Your objective:
Print, exactly as they appear in the listing below, the lines from the line with "Mesh Print Strappy Slit Midi Dress" to the line with "Дантелени чорапи за", with both end lines kept.

Extracted entries:
○ ○ ○ ○ ○ ○ ○

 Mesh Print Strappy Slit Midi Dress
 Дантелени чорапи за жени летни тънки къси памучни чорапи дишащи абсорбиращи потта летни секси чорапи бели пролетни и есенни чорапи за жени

○ ○ ○ ○ ○ ○ ○

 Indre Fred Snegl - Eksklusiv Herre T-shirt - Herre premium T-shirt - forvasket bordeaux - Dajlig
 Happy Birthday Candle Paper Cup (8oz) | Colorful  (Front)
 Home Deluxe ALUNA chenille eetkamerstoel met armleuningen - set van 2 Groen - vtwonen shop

○ ○ ○ ○ ○ ○ ○

Result below:
 Mesh Print Strappy Slit Midi Dress
 Дантелени чорапи за жени летни тънки къси памучни чорапи дишащи абсорбиращи потта летни секси чорапи бели пролетни и есенни чорапи за жени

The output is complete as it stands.